For those of you who are not familiar with their "message", it was delivered in the form of a billboard along interstate 880 in Oakland that read "MR. DAVIS, Do the right thing. Please HIRE A G.M." The message was echoed in an ad taken out in the Oakland Tribune on January 2. The intended recipient of this message was Oakland Raider owner and managing general partner, Al Davis. And the message itself is self explanatory.
But despite the petition that has reached over 50,000 signatures, the pouring in of donations and the resulting billboard, there has yet to be any response whotsoever by the Raiders or Al Davis.
This is what has prompted the site founder, Jared Staszewski, to as he said "take it up a couple notches."
What began as a bit of a pipe dream became a reality when Patrick Patterson caught wind of what Staszewski was attempting to accomplish and initially ran a story on it. That is when the dominos began to fall. One of Patterson's readers had connections to the billboard company, Clear Channel, who then contacted Staszewski about his plan and how they could facilitate it. The word began to spread throughout the Raider fan base; the majority of whom have become disgruntled over the current seven, double digit loss season drought.
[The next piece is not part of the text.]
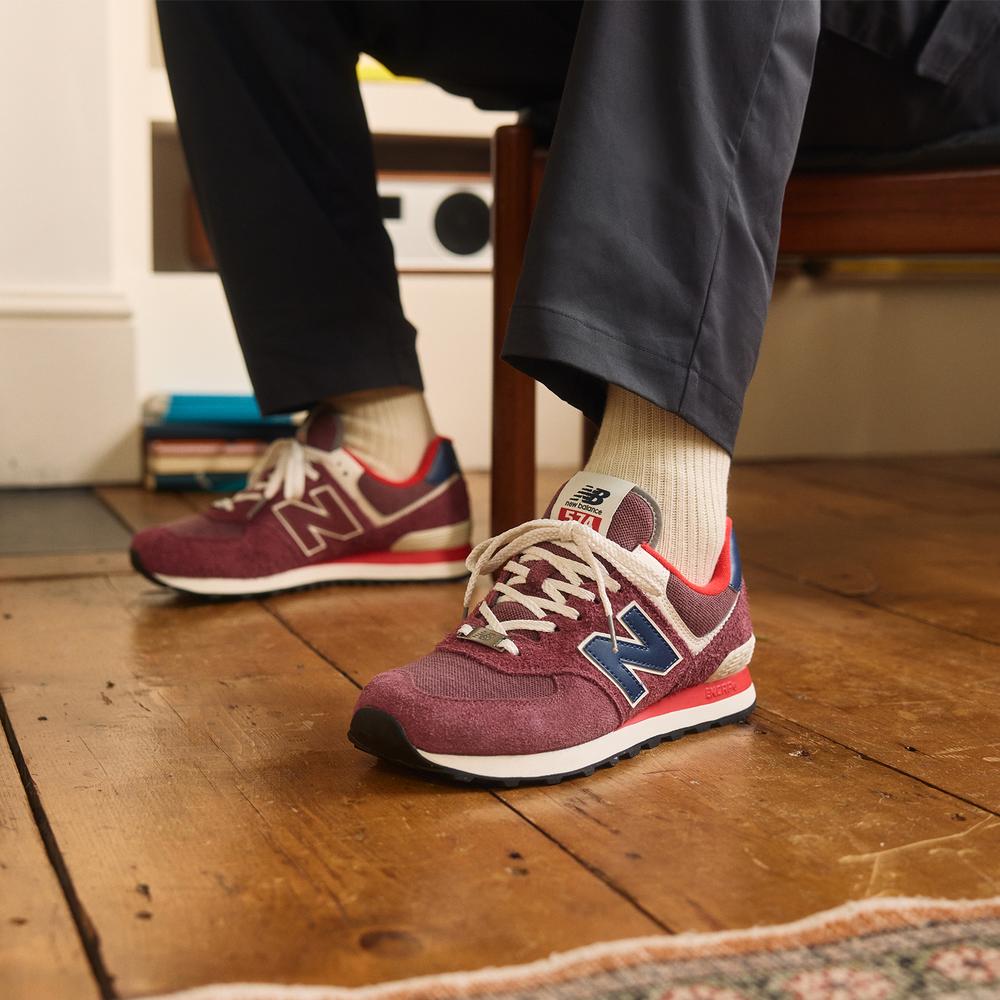 Buty unisex New Balance U574RX2 – bordowe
As the word spread, the donations came in. So much so that the Staszewski was forced to cut it off after he had reached it's target goal of $7500. That amount paid the $5500 cost of the billboard and the $2000 cost of the ad in the Oakland Tribune.
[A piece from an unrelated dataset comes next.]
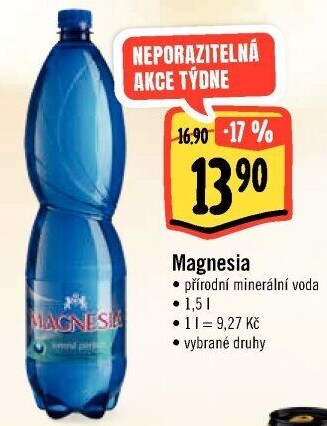 Přírodní voda Magnesia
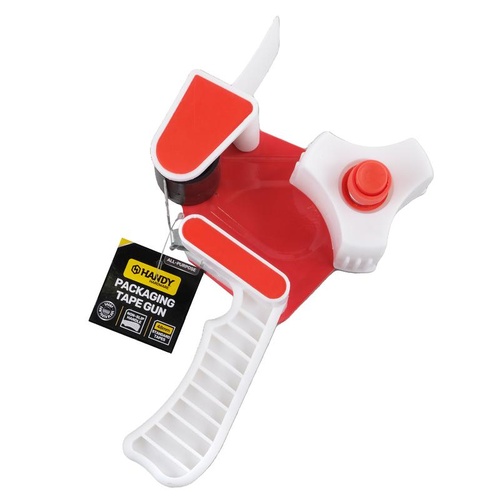 Tape Dispenser Red & White (Fits Packaging Tape up 48mm Wide)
As soon as the billboard went up, it garnered national media attention. ESPN was talking about it on nearly all of their talk shows and news programs including NFL Live, Around the Horn, Pardon The Interruption, and Jim Rome is Burning. The sudden media attention caught Staszewski off-guard.
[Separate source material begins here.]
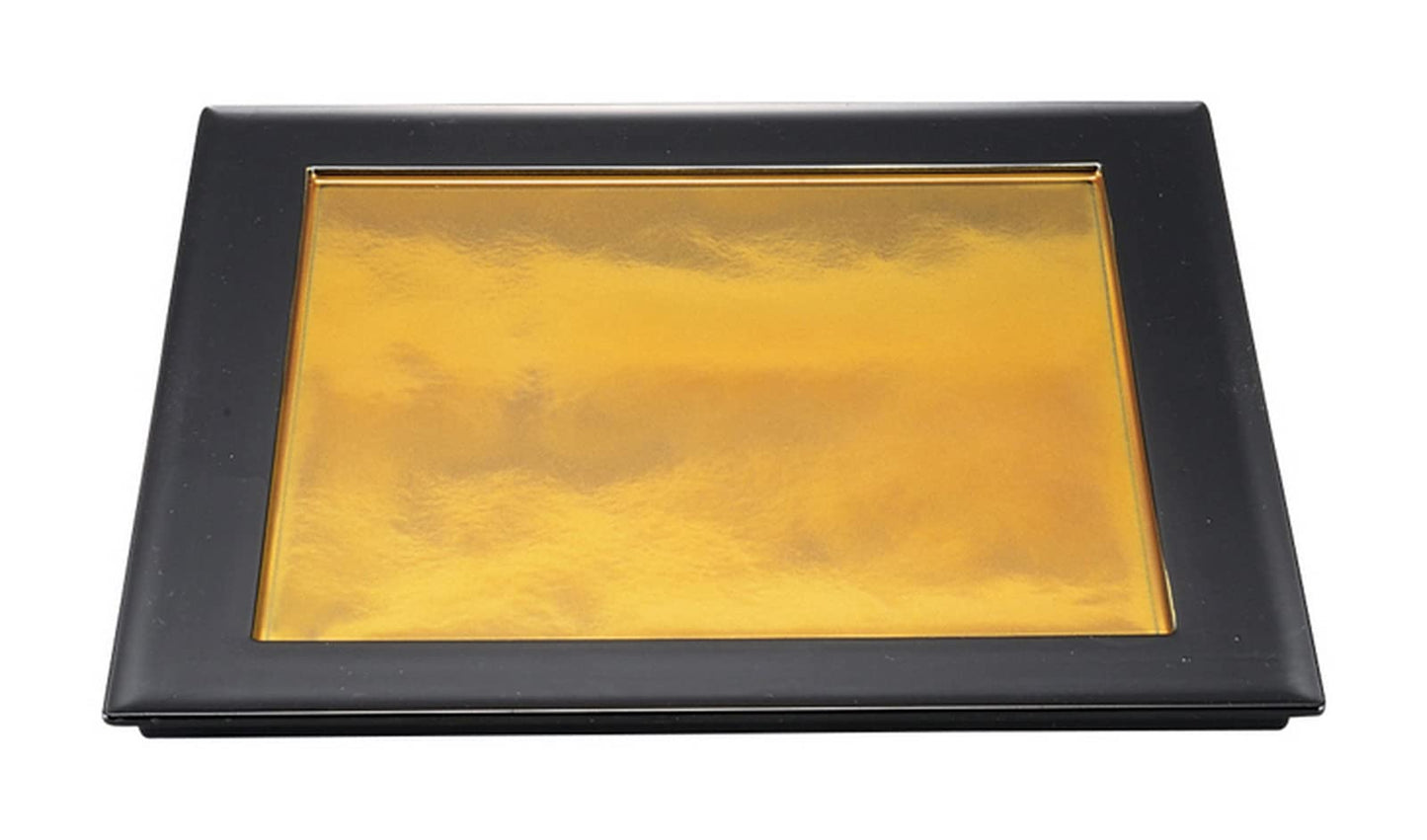 Fukui Craft 15007110 Shaku 0 Furnace-Edge Appetizer Serving Plate, Kinnumbuchi Black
"The most surprising part was when I got a call from The Wall Street Journal and the producer of Jim Rome. That's when I knew it was big time."
But even with all the national attention, there was still nothing coming from the one place the message was intended-- Al Davis and the Oakland Raiders.
"The only disheartening thing about this whole project is they haven't even acknowledged us," Said Staszewski. "We haven't even got a nod in our direction, and it doesn't look like at the current rate we are going to get anything. My new slogan is ‘I don't want to do what we are about to do,' but if we don't get any acknowledgement or any improvements or anything of that nature, we're going to take it up a couple notches."
When he says a "couple notches" one might think 'ok, so TWO billboards?' But apparently his idea of a couple notches is more like 100 notches. As in "up to 100 billboards of various sizes throughout the East Bay including one immediately across the Nimitz Freeway from the Coliseum, all with the following message: ‘Hire a general manager‘."
The first campaign caught a bit of flack from those same mediots that had given it national attention. The main backlash was that it is a waste of money during a time in which there are far better and more charitable uses of such donations.
The next wave is likely to be received with similar criticism. Especially with it's first and most modest goal for the next wave of the campaign set at $10,000.
Better uses for the initial money aside, the front page of the site does point out that any money over the target amount will be donated to local Oakland charities. And when I asked him about any sponsors that have stepped up and offered to contribute portions of the donations to charity, he said "No, but we are open to it." So, if there are any prospective sponsors reading this that would like to step up and match a portion of the donations for charity, the opportunity is here for you to do that.
Up to this point however, the members of the Raider Nation that have made their donations seem to think that uniting to send a clear message to Al Davis is a charitable enough cause all by itself.
According to Jared Staszewski, he has received a few fans' donations who claim to be giving messagetoal.com the money that they previously paid for their season ticket. And, judging by the already considerably low attendance numbers in Oakland last season, that may send the clearest message of all.